◆ **Work required**
Repeat the entire listing exactly. Omit all pictures.
*** Information shown Section Begins ***
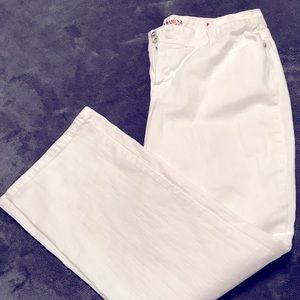 Style & Co. Boot Cut Jeans, Size 14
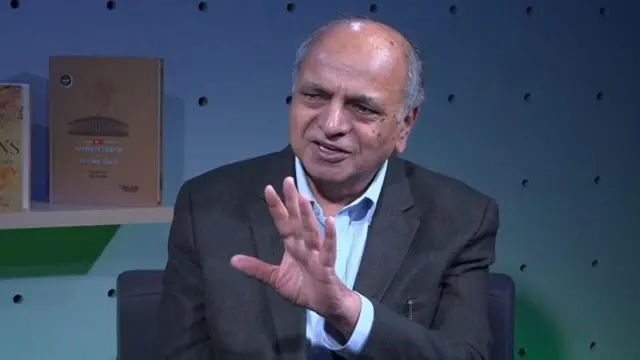 ज्येष्ठ विचारवंत, साहित्यिक आणि भाषा-अभ्यासक डॉ. गणेश देवी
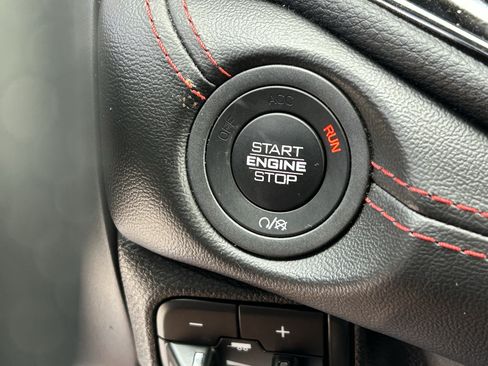 Used 2025 Dodge Durango GT AWD/4WD image 25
*** Information shown Section Ends ***
◆ **Expected answer**
 Style & Co. Boot Cut Jeans, Size 14
 ज्येष्ठ विचारवंत, साहित्यिक आणि भाषा-अभ्यासक डॉ. गणेश देवी
 Used 2025 Dodge Durango GT AWD/4WD image 25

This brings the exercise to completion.